Kwong’s death came two days after the 70th anniversary of his historic one-minute, one-shift appearance for the New York Rangers in Montreal on March 13, 1948.
“Larry was a gentleman of great class who also had a playful sense of humour,” said Vernon teacher Chad Soon, who played a big role in having Kwong’s story told on an international scale.
“Always humble, he had the uncanny ability to make others feel special. His whole life he surpassed expectations, defied stereotypes, and broke barriers with finesse and a smile. Larry was a hero to four generations of my family. He was a pioneer who changed perceptions, helping to make the Canadian dream possible for people of all kinds.”
Born in Vernon on June 17, 1923, Kwong played hockey on a lake in Blue Jay subdivision with his friends, and suited up with his hometown Hydrophones, winning a provincial midget hockey title in 1939 and a B.C. juvenile championship in 1941, before moving up to the senior ranks, joining the Trail Smoke Eaters as an 18-year-old.
Kwong faced discrimination in Trail, unable to get a job at the smelter like his teammates because of his heritage.
He eventually joined the New York Rovers, a Rangers farm team, and led them in scoring in the 1947–1948 season.
After his brief appearance with the Rangers, Kwong – nicknamed The China Clipper – went on to play several seasons with the Valleyfield Braves of the Quebec Senior Hockey League, drawing praise from a man who would go to become one of the all-time greatest players in NHL history.
“Larry made his wing men look good because he was a great passer.

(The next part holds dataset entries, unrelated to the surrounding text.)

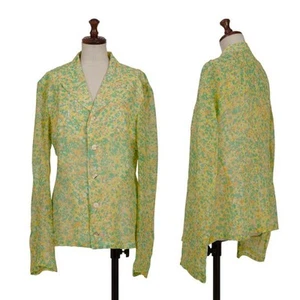 Yohji Yamamoto FEMME Marble Print Silk Jacket Size M(K-154344) - Picture 1 of 12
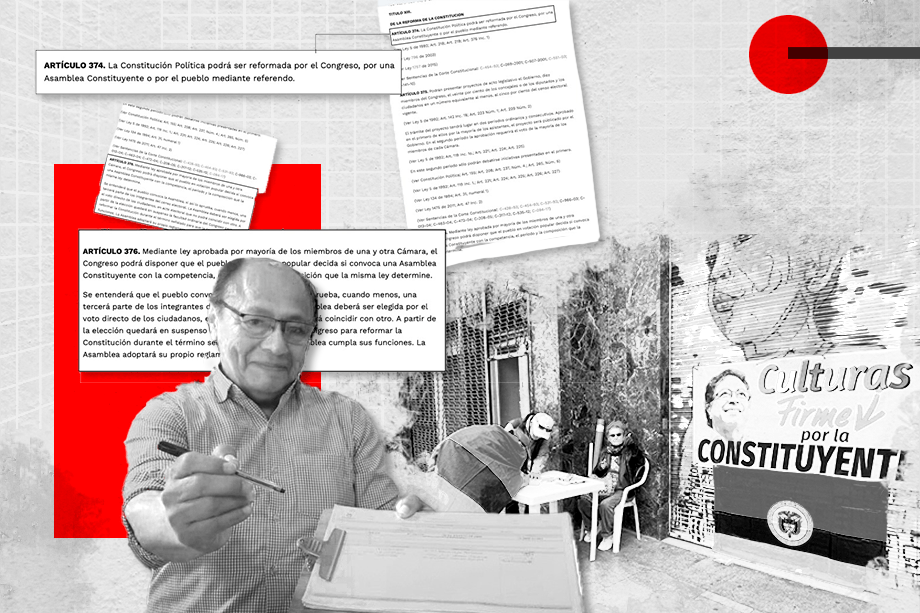 En Colombia hoy funcionamos como democracia bajo la batuta de la Constituyente de 1991.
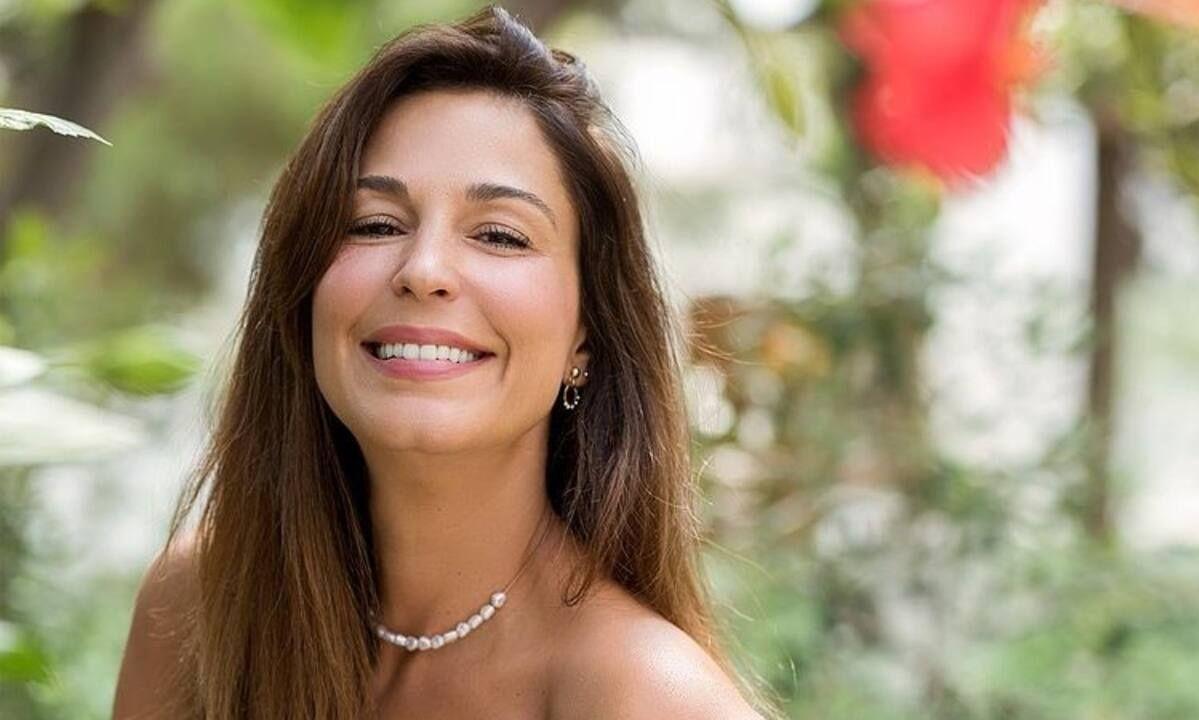 Κατερίνα Παπουτσάκη-ποζάρει-με-τον-μπαμπά-της- Κατερίνα Παπουτσάκη-ποζάρει-με-τον-μπαμπά-της-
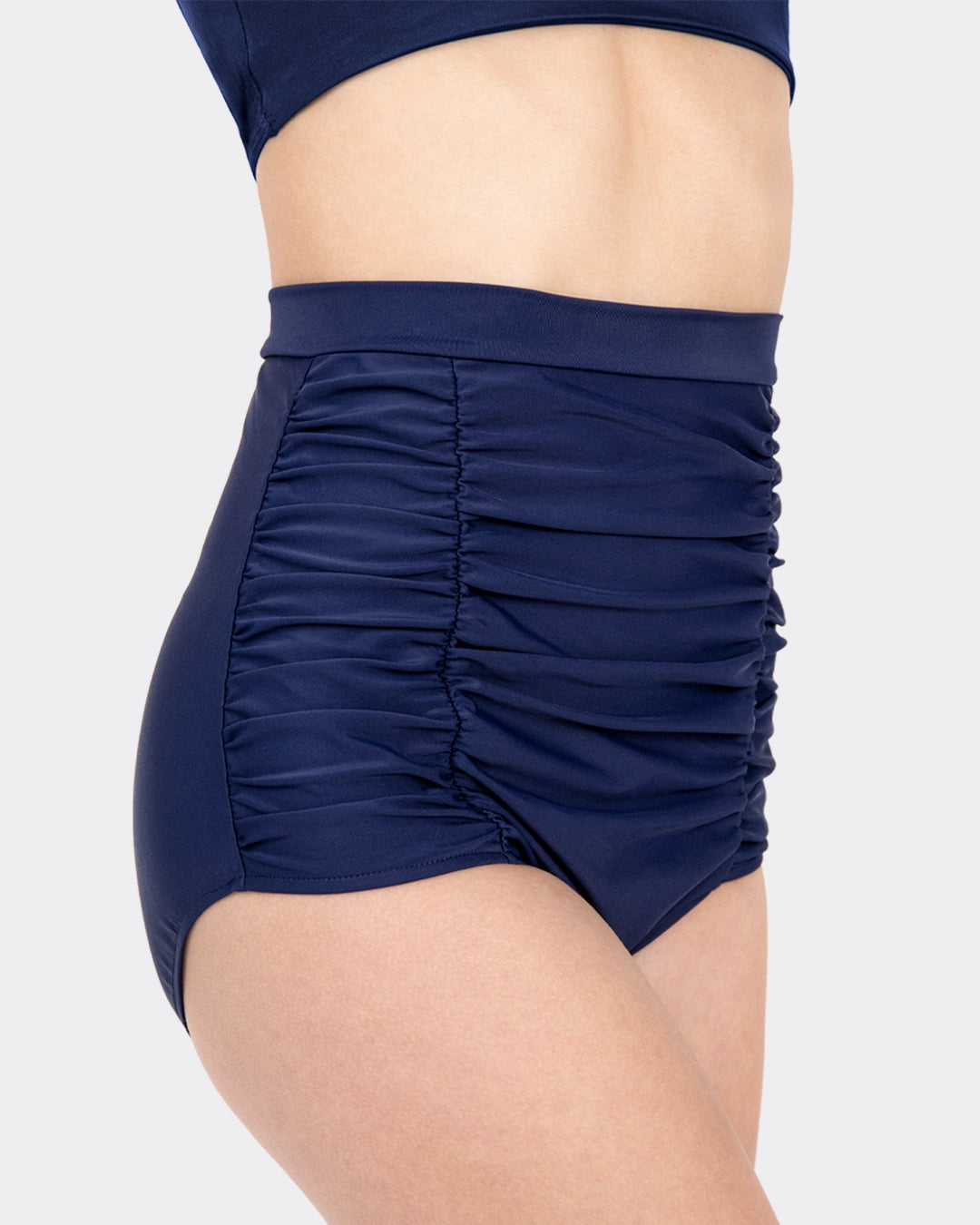 mylily-shape-bikini-hose-navy-high-waist-bikinihose-mit-shaping image 3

He was doing what a centre man is supposed to do,” said Jean Beliveau, who played in the league before going on to a Hall of Fame career with the NHL’s Montreal Canadiens.
Kwong also played in England and Switzerland, where he also coached.
Kwong’s story was immortalized in a pair of films.
He was part of the documentary Lost Years, which had its world premier at the Towne Theatre in Vernon in 2011. Lost Years ventures into history to the sites of lost Chinatowns around the country, uncovering past injustices, such as the treatment of Chinese immigrant workers on Canada’s railways, and follows the reverberations to the present day.
The film features exclusive footage of Kwong, who fondly recalls his hometown, with memories of skating on the frozen road that is now Coldstream Avenue in what was then Vernon’s Chinatown.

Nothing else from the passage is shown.